▶ **Records for this task**:
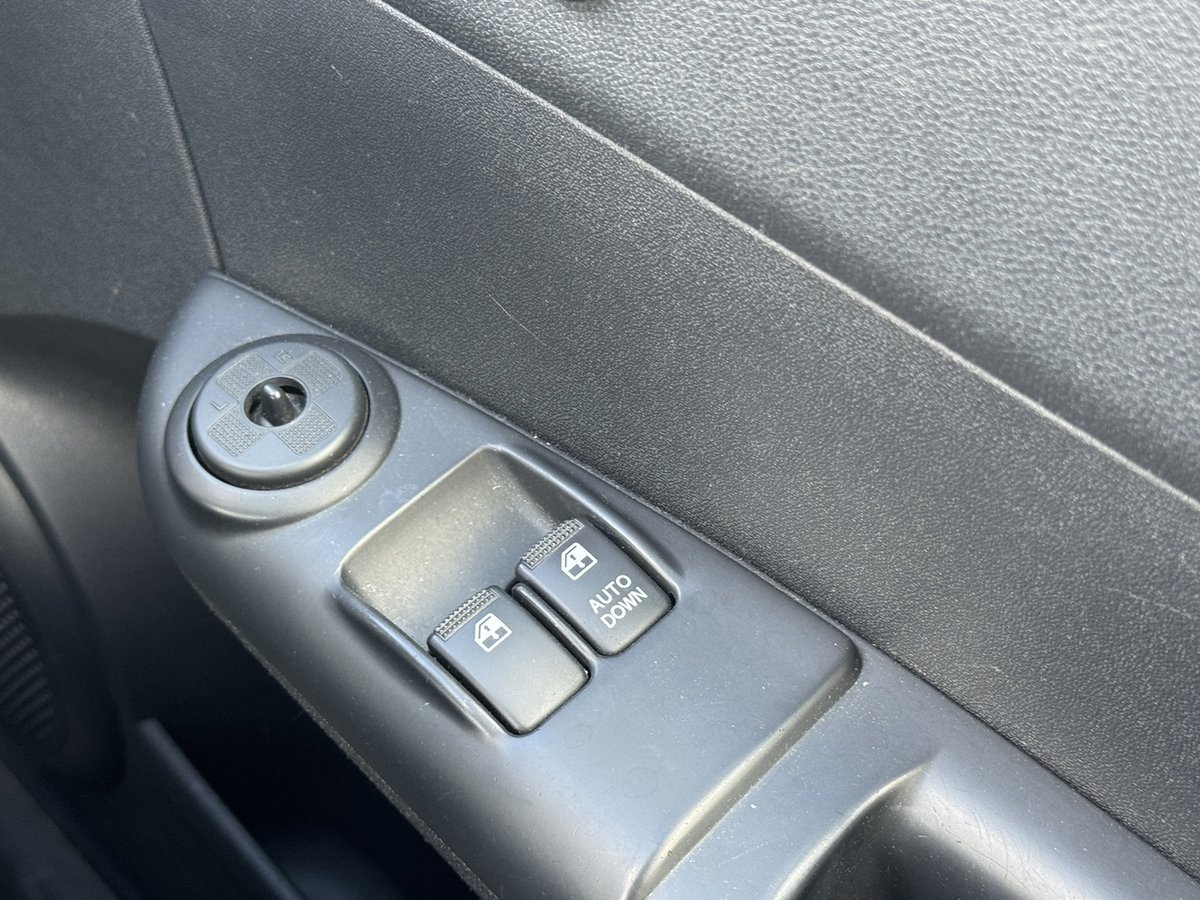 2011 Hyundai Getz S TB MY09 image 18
...
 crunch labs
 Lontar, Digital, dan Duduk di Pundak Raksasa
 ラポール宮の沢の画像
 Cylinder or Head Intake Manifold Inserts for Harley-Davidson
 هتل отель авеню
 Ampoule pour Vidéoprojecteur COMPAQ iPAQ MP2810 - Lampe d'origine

▶ **Work instruction**:
Extract from the records above the lines from the one containing "Lontar, Digital, dan Duduk di Pundak Raksasa" to the one containing "Ampoule pour Vidéoprojecteur", both lines included, exactly as they appear and with nothing else.

▶ **Solution to this task**:
 Lontar, Digital, dan Duduk di Pundak Raksasa
 ラポール宮の沢の画像
 Cylinder or Head Intake Manifold Inserts for Harley-Davidson
 هتل отель авеню
 Ampoule pour Vidéoprojecteur COMPAQ iPAQ MP2810 - Lampe d'origine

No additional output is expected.